__TASK INSTRUCTIONS__. Give back exactly the lines of the material below that start at the one holding "I have set up" and end at the last line, minus the pictures.

__PROVIDED INFORMATION__.
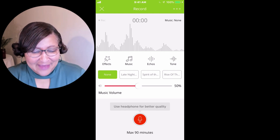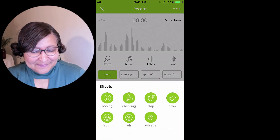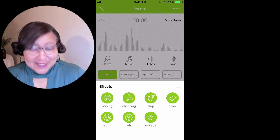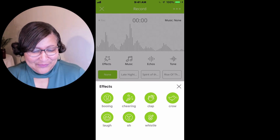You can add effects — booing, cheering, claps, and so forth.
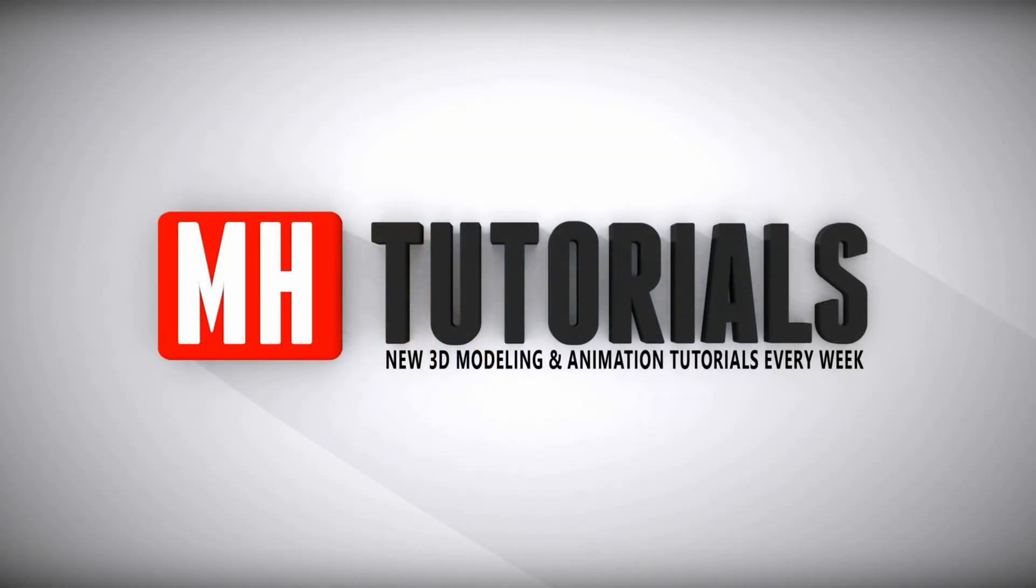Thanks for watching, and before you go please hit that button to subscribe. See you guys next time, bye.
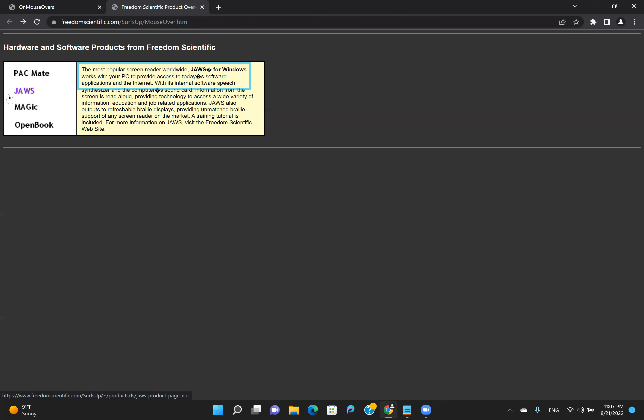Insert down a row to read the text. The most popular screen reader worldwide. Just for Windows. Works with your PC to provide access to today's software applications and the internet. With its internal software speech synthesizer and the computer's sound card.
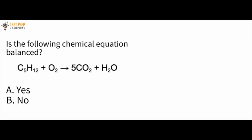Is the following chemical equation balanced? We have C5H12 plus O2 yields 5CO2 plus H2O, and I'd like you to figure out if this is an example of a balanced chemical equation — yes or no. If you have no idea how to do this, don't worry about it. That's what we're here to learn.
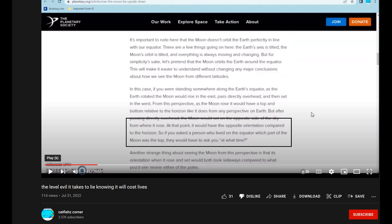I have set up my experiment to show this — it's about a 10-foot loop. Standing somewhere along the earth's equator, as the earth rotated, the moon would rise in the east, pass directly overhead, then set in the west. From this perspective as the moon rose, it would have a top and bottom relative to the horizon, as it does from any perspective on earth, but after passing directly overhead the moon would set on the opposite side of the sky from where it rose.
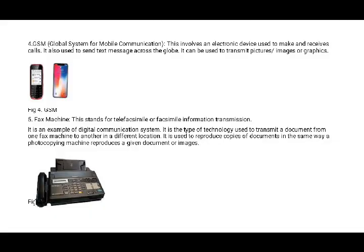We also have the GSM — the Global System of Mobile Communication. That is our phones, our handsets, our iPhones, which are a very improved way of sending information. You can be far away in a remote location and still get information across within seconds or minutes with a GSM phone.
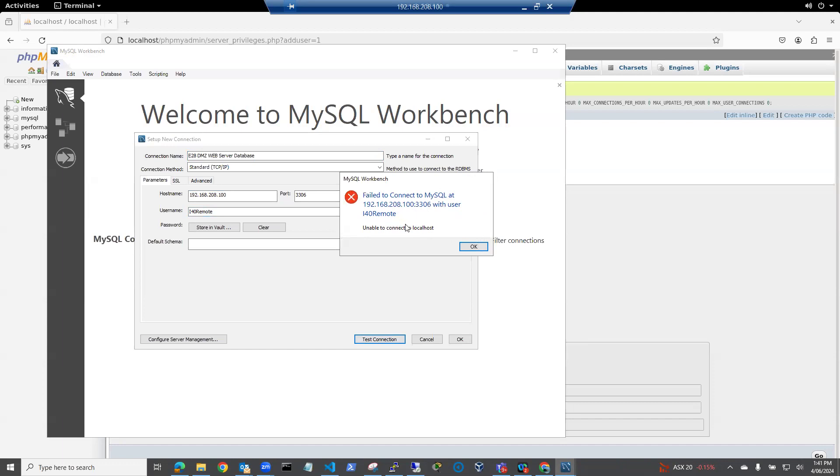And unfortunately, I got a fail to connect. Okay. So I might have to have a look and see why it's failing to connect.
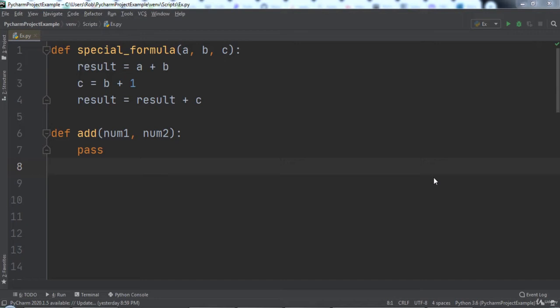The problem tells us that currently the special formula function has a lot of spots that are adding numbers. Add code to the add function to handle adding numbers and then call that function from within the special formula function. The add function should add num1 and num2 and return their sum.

__ANSWER SECTION__.
I have set up my experiment to show this — it's about a 10-foot loop. Standing somewhere along the earth's equator, as the earth rotated, the moon would rise in the east, pass directly overhead, then set in the west. From this perspective as the moon rose, it would have a top and bottom relative to the horizon, as it does from any perspective on earth, but after passing directly overhead the moon would set on the opposite side of the sky from where it rose.
We also have the GSM — the Global System of Mobile Communication. That is our phones, our handsets, our iPhones, which are a very improved way of sending information. You can be far away in a remote location and still get information across within seconds or minutes with a GSM phone.
And unfortunately, I got a fail to connect. Okay. So I might have to have a look and see why it's failing to connect.
The problem tells us that currently the special formula function has a lot of spots that are adding numbers. Add code to the add function to handle adding numbers and then call that function from within the special formula function. The add function should add num1 and num2 and return their sum.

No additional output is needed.